C'est dans ce cadre qu'une réunion bilatérale s'est tenue entre les délégations de deux pays, et que plusieurs accords et mémoranda visant la relance et la consolidation de la Coopération ont été signés. Il s'agit, notamment des accords et mémoranda relatifs au développement du Chemin de fer à Écartement standard (SGR) Gitega-Uvira-Kindu, au Commerce, au maintien et au renforcement de la paix et de la défense, de la sécurité ainsi qu'à la consultation politique et diplomatique".

Le projet est donc au point 7.

En 20 points, le communiqué est signé côté RDC par le ministre de l'Intégration régionale Didier Mazenga Mukanzu et non par le ministre des Affaires étrangères Christophe Lutundula, côté Burundi par le ministre des Affaires étrangères et de la Coopération au développement Albert Shingiro.

Le fait déjà pour les blogueurs d'interpeller Lutundula alors qu'il n'est même pas concerné prouve à suffisance qu'ils ont déclenché leur campagne de dénigrement sans avoir lu au préalable le communiqué conjoint.

A l'instar du blogueur " lanceur d'alerte " qui s'est vraiment gouré en faisant croire à l'opinion que le Burundi entend construire ce chemin de fer en RDC, ses relais sont tombés dans son piège.

Pourtant, dans le communiqué conjoint, il est bien dit qu'il s'agit d'un projet commun aux deux pays.

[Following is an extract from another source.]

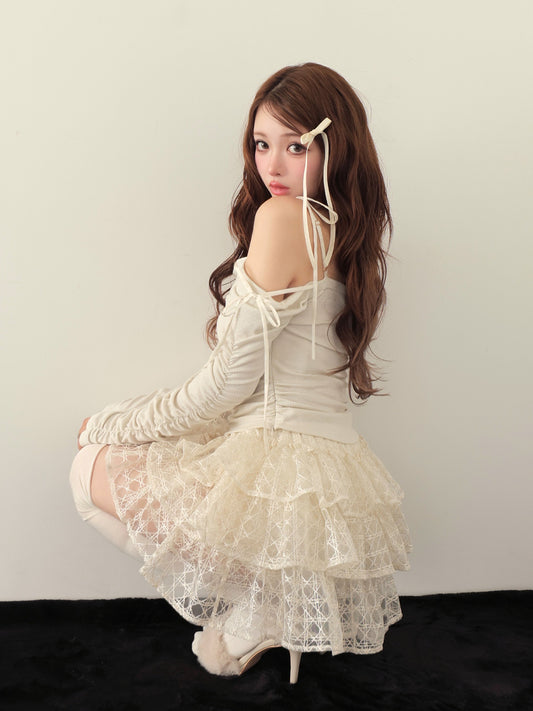 【Pre Order】Check embroidery tiered mini skirt(eme10774)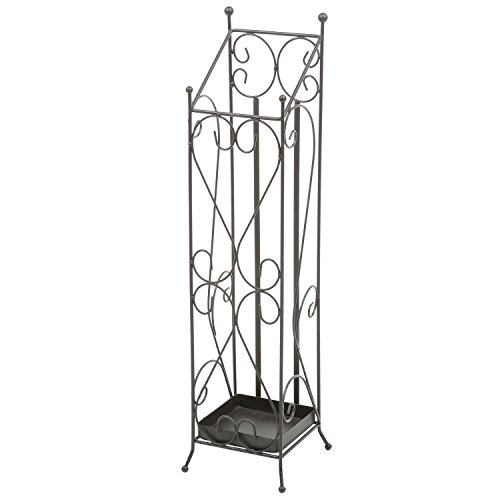 MyGift Freestanding Metal Entryway Tall Umbrella Stand, Drying Rack with Scrollwork Design, Brown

Pour (leur) information, le chemin de fer Lubumbashi-Kindu existe. Le chemin de fer Uvira-Ubundu existe également. D'où la possibilité du prolongement avec le tronçon Gitega-Uvira-Kindu.

Quand le Président Félix Tshisekedi renvoie alors aux experts la réponse à la question du financement, il dit vrai. Au stade du mémorandum d'intention, c'est-à-dire de déclaration d'intention, on ne peut avancer aucun chiffre qui soit crédible. D'ailleurs, dans sa réponse, le Chef de l'Etat évoque le tracé. C'est aux experts de déterminer celui qui convient en tenant compte des paramètres en présence. Cas du relief, de la faisabilité et de la rentabilité du projet.

Ne pas le savoir est une calamité.

Se permettre en plus de saisir le ministre des Affaires étrangères de son pays en évoquant l'article 53 de la Convention de Vienne sur le droits des traités, la préfiguration de fait de la balkanisation de la RDC au sujet des accords en cours et l'article 42 du règlement de Lahaye (Ndlr La Haye) de 1907 est une catastrophe.

Au moins, ce doit reste du mensonge est l'émergence de vérité. La vérité est que les blogueurs ont voulu faire dire à Félix Tshisekedi ce qu'il n'a pas dit, et les voici rattrapés.